Explicando o motivo de participar com tanto entusiasmo de um culto católico, Ferreira atribui o ânimo às mudanças que o pontífice tem provocado no mundo. “Estou aqui hoje porque o papa demonstrou realmente ser um pacificador, está intermediando essa normalização das relações com os EUA e também liberação de presos políticos aqui em Cuba, então, a gente tem que prestigiar”, disse. 

Mineiro, Ferreira chegou à ilha há quatro anos para o curso médico. O jovem lembra o momento em que assistiu ao anúncio, feito em dezembro pelos presidentes Raúl Castro e Barack Obama, da retomada da relação bilateral. “Foi surreal. Estava almoçando, a TV parou a transmissão normal e apareceu o Raúl. A gente não entendia, porque aqui a informação é controlada e a gente não tinha a menor expectativa”, afirmou ao Estado.

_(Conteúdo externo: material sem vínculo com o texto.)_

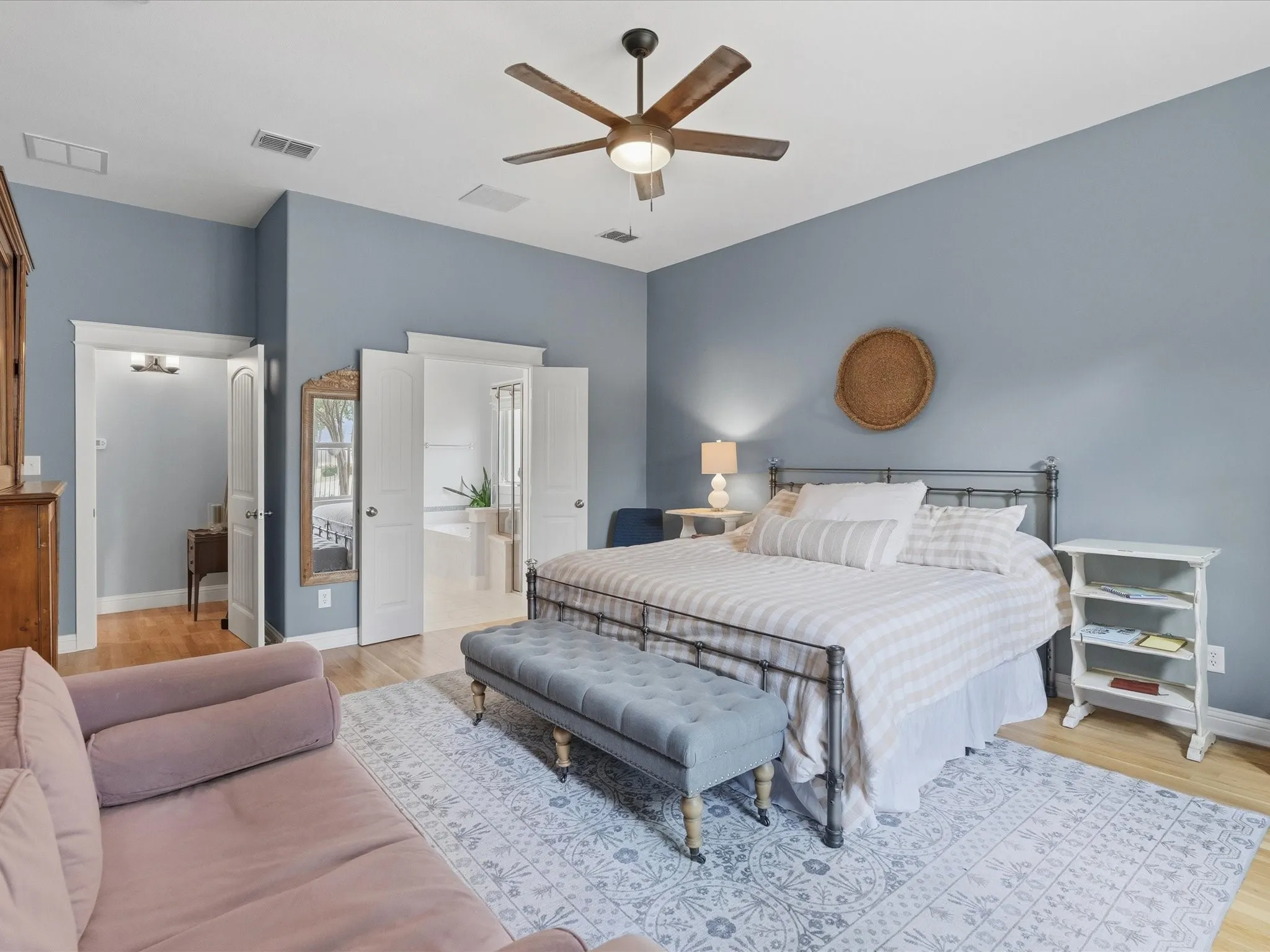Single Family Residence For Sale in Collin County , 7204 Cheltenham Avenue, Mc Kinney, Texas 75071, 4 Bedroom, 4 Bathroom, 2 Garage spaces, 3,387 Sqft, built in 2011, mls#21337779, Real Estate Agent in Mc Kinney, Homes For Sale in Collin county, Homes For Sale in Mc Kinney, Realtor in Mc Kinney Texas, Real Estate Brokerage Independent Realty Texas, Luminita Cordes Realtor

Exibindo uma bandeira do Brasil com o distintivo do Cruzeiro Esporte Clube substituindo o círculo azul central, o irmão de Paulo, Lucas Ferreira, concorda. “Pra gente que está aqui, é um momento histórico, vai marcar tudo daqui pra frente. O pessoal tem se sentido muito animado, porque a questão da religiosidade aqui está voltando a ficar mais aflorada, a liberdade de culto”, afirmou. Também estudante de medicina em Havana, Lucas avisa que, apesar da afinidade com o pontífice, o Cruzeiro ainda terá sua torcida em qualquer confronto futuro como San Lorenzo, time do coração de Francisco.

Ponte aérea. Integrando uma delegação da Arquidiocese de Miami, a advogada americana Ann Quaranta viajou a Havana para comemorar a histórica reaproximação entre os dois países sob mediação de Francisco. “Não sou cubana, mas temos uma grande afinidade porque muitos deles vivem em Miami. Eles são muito calorosos e me sinto muito mal que não sejam totalmente livres, aqui, para praticar a religião. Mas está ocorrendo uma reaproximação e estou feliz com isso”, disse. 

A fiel contou que o anúncio da reaproximação a deixou “muito, muito feliz”, mas lembrou que ainda há caminho a percorrer. “Espero que também termine o embargo. O povo cubano merece isso e acho que vai acontecer”, afirmou.

A derrubada do bloqueio é a exigência mais firme do governo cubano no processo de negociação, mas depende de aprovação pelo Congresso, atualmente dominado pelos republicanos. Ainda assim, Ann mantém sua fé na queda do embargo. “Todas as coisas são possíveis com oração. É por isso que estamos aqui.”